Once operational, the spacecraft will join an orbital surveillance network that continually scans the globe for tell-tale signs of missile launches.
"The infrared signature coming out the back end of a missile, we see that," Air Force Space Commander William Shelton said on Tuesday during a House Science Committee hearing about detecting incoming asteroids and other space objects.
"We'll be able to tell you what type of missile it is. We'll be able to tell you where that missile is going. We'll be able to tell you where it's going to impact," Shelton added.
"Those infrared sensors can be used for other things, but they can't be used for predictive things out beyond Earth," he said.
The satellite, built by Lockheed Martin joins an identical craft, Geo1, launched in May 2011. Each are equipped with two infrared sensors, one which continually scans the globe for missile launches, and the other which can stare at a fixed point.
The Space Based Infrared System supplements and eventually will replace the predecessor Defense Support Program satellite network which has been operating for 40 years.
"I would argue that the nation's missile warning system is critical now, perhaps even more so than it was during the Cold War," said James Planeaux, who oversees the Air Force's Infrared Space Systems directorate.
"Certainly, strategic and tactical missile threats have proliferated in both number and type. We're modernizing the nation's systems so we remain highly capable against today's threats."
The space-based network detected nearly 200 missile launches in 2011 and an additional 1,700 "special infrared events," Planeaux said.
"I believe with some of the activity we're seeing around the world even this year, we're seeing an increase in the number of global missile launches," Planeaux said.

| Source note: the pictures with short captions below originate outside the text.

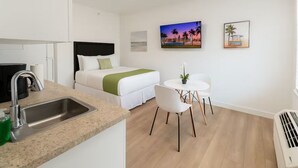 Una habitación de hotel moderna con una cama, una pequeña mesa de comedor, un lavamanos y una sola silla.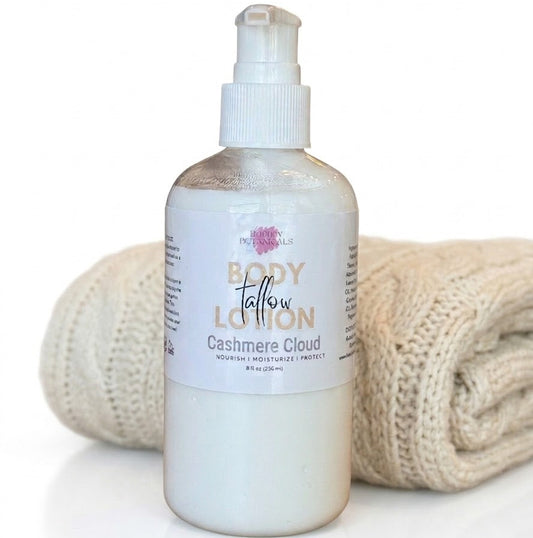 A bottle of Body Tallow Lotion in the 'Cashmere Cloud' scent, shown with a rolled beige knit towel behind it on a white background.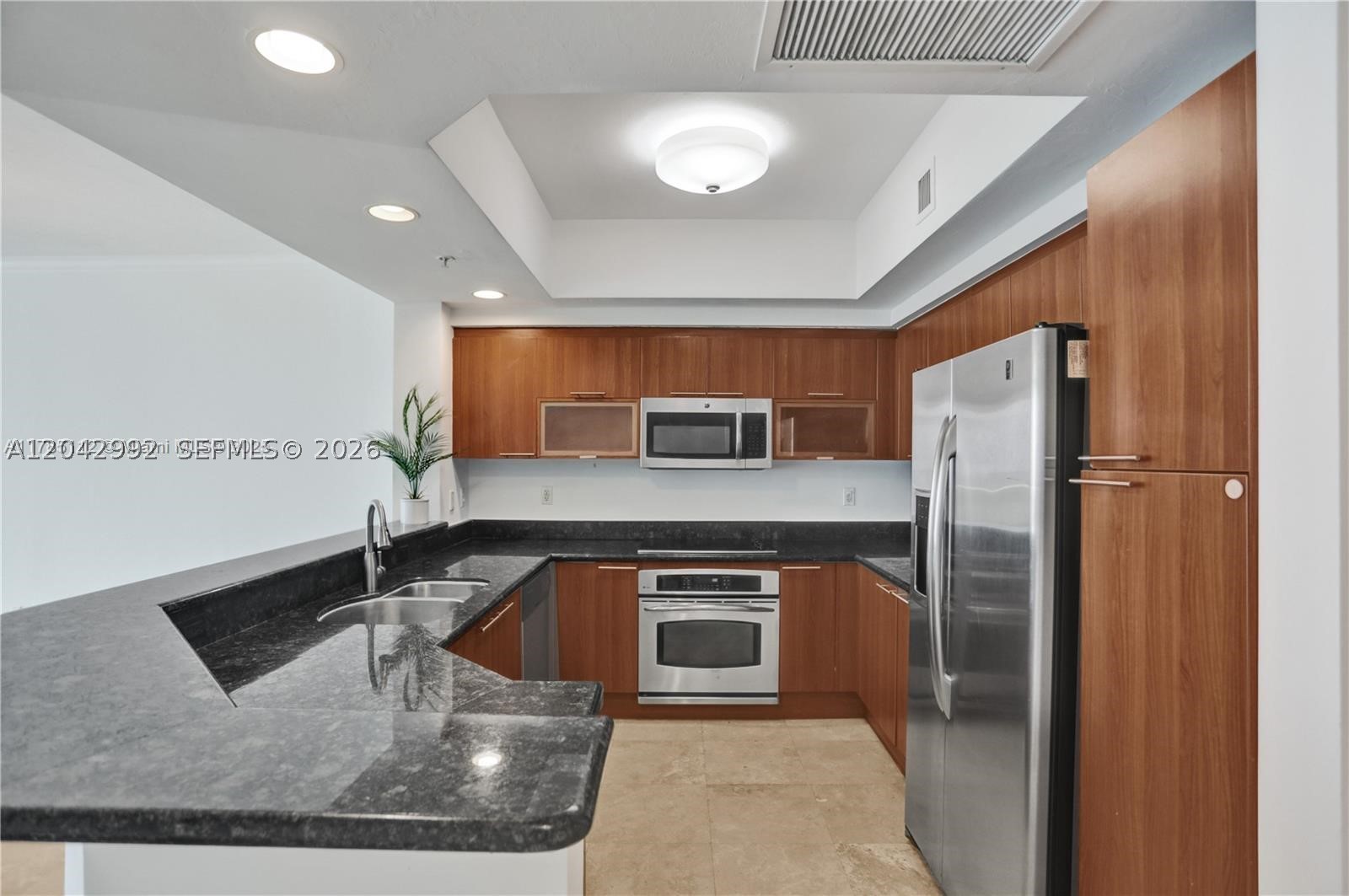 THE OAKS I CONDO - Residential Lease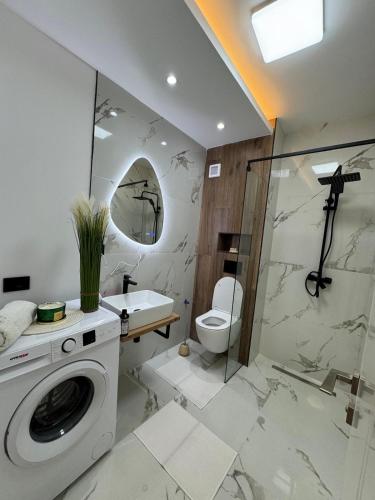a bathroom with a washing machine and a toilet at AmyMamaia marina blue in Mamaia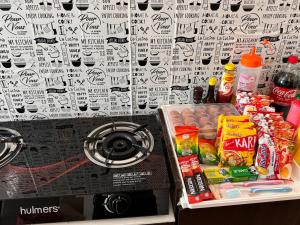 a refrigerator full of food and drinks in front of a wall at 1br 2pax 1car only Malaysian guest only in Bayan Lepas +40 photos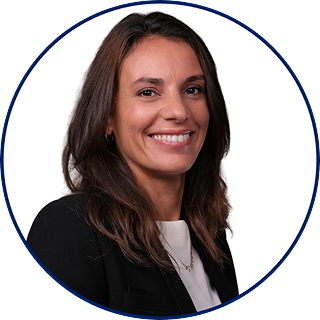 Woman with long brown hair wearing a black blazer and white top, smiling at the camera against a plain white background with a blue circular border.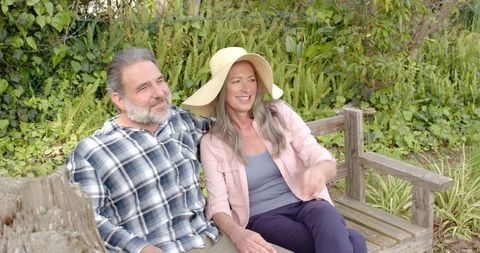 Senior Couple Relaxing Together on Bench in Sunny Garden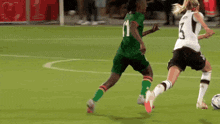a soccer player wearing a number 11 jersey kicks the ball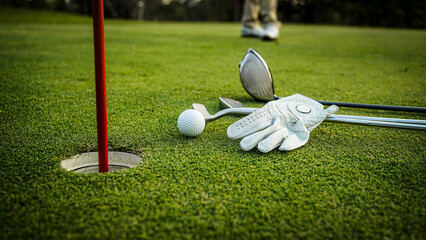 Golf Ball and Clubs Near Hole with Red Flag on Green Turf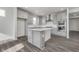 Modern kitchen featuring an island, stainless steel appliances, and sleek light gray cabinetry at 7300 Legends Way, Whitestown, IN 46052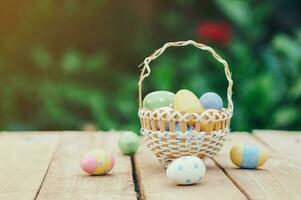 Colorful easter eggs in basket on wooden table win copy space. photo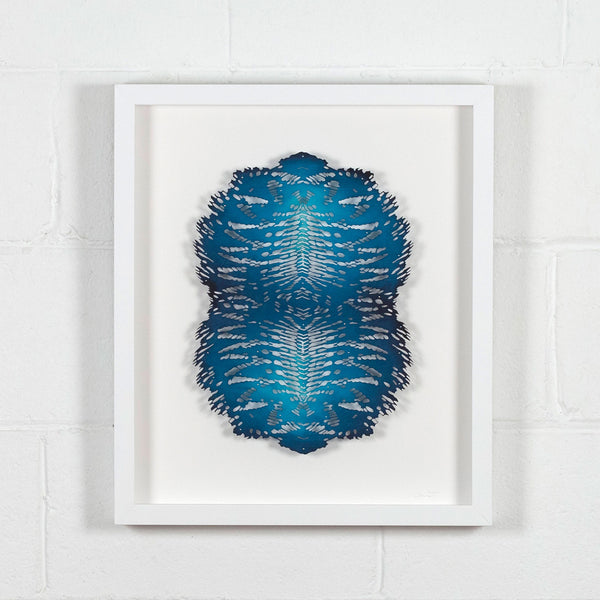 Lizz Aston, Blue Apatite, Hand cut paper, 2018, Caviar 20, shown framed and displayed on white brick wall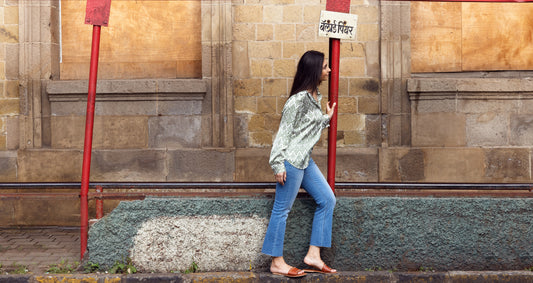 Side profile image of a woman staring at something while dressed in Go Colors Jeans.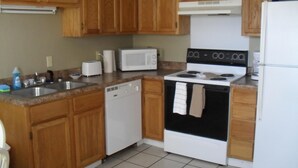 A kitchen with wooden cabinets, a white dishwasher, a stove, a microwave, and a refrigerator.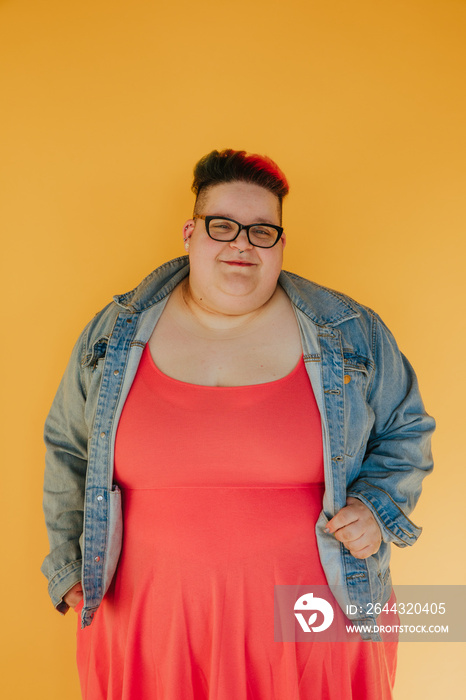 portrait of a plus size woman with a denim jacket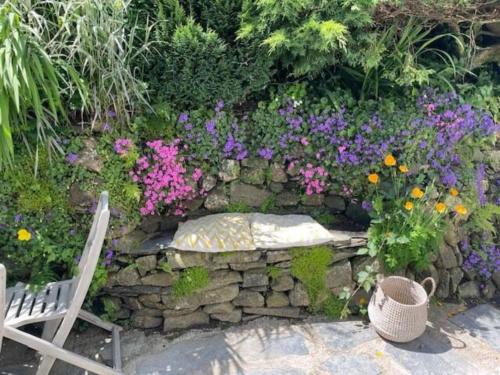 a stone wall with a bench and flowers at Bell Cottage in Saint Teath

On Friday, Defense Secretary Chuck Hagel announced plans to deploy 14 additional missile interceptors in Alaska to guard against increased threats from North Korea and Iran.
Data from the military's space-based monitoring network feeds missile interceptors positioning and tracking information.
Geo1 has not yet been put into operational service due to a data communications issue, but work to certify it for real-time monitoring should be completed by October 1, Planeaux said.
Geo2's certification is expected to follow before the end of the year.
Two more satellites are being built for launch in 2015 and 2016, respectively, and a follow-on contract for an additional pair is expected to be awarded this year, Planeaux added.
Tuesday's launch was the 69th for rocket manufacturer United Launch Alliance, a partnership of Lockheed Martin and Boeing that was established in 2006.